I personally think for a graphing problem, that this circuit is intuitive even for an introductory circuit course. That's because introductory courses cover voltage dividers, and that series capacitance (C) and shunt resistance (R) behaves like a high-pass filter (HPF). In the introductory course I took they covered resonance circuits such as series inductance (L) and capacitance, and also all parallel L and C. Series L and C behaves like a thru short circuit at resonance.
So when I look at this circuit I'm seeing here looks like a HPF, then I see there series L and C that would behave like a short to ground at resonance. The plots I saw above behave very close to my expectation, which can be done by eyeball inspection using this way of thinking.
Something that was not covered in my introductory course... I learned it at my first full-time position and someone recommended a book that covered it really well (Fundamentals of Power Electronics by Erickson)... it's call the Middlebrook Extra Element Theorem. I think this is a very good use case for that one. Again: I look at it and say I know how some of the circuit behaves without some elements. I can remove that L and C that is in series to ground and say "I know how this HPF behaves, but what does this extra element(s) do?" Check it out.

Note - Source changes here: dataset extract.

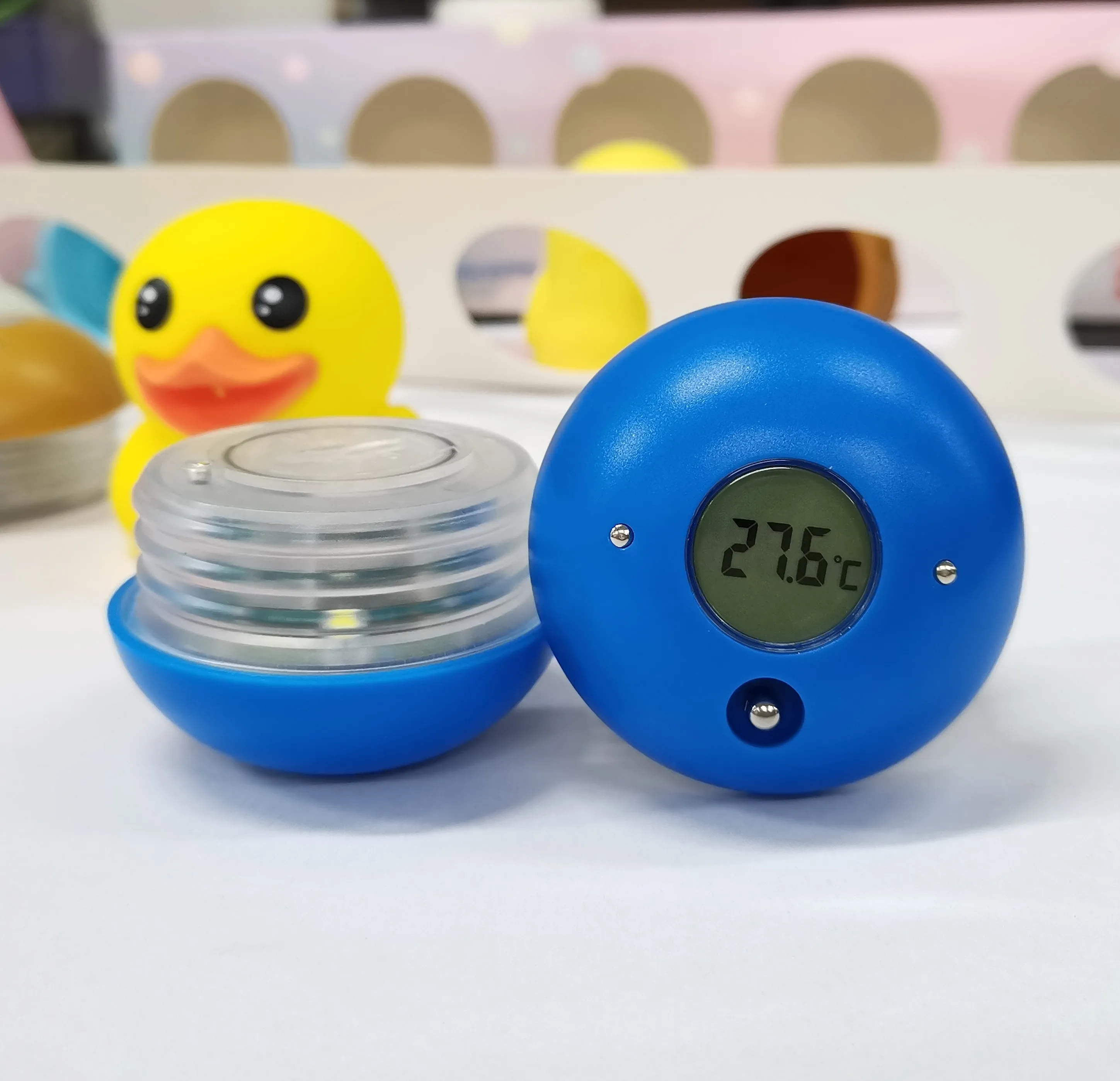 Best selling silicone Baby Bath Digital Thermometer,  detachable silicone jacket water bathtub thermometer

I recommend trying it out with a well-known resistive voltage divider to see if you can apply it, and then repeat the procedures on this circuit here.
https://en.wikipedia.org/wiki/Extra_element_theorem
Below I just did it with the resistive voltage divider because we know 2R parallel to 2R behaves like R, and we know how a voltage divider behaves when the resistors are the same. It's obviously not required for this problem, but I do think it's interesting and I come across a lot of cases where I understand really well how a circuit behaves if it didn't have some darn extra element :) now the problem is no more, and it's just fun to explore a bunch of different circuits or trying to break some of them. I use it for work, and even in classes where I'll stumble upon in an exam the professor is trying to be tricky and turned a known good circuit into something that's a little off.
Something to be cautious of is that I did not always understand at the beginning was the nulling. You should follow the procedures of placing a test source there and getting the voltage and current that nulls Vout (drives it to zero). In this particular case: It can be done by inspection because Znull happens to be a short anyways, but directly shorting to ground or making Vout zero is not the right approach, and it just so happens that you can "get away with it" (or get lucky) in this simple case but if you tried it where the extra element was parallel to the series R, then you might not be so lucky.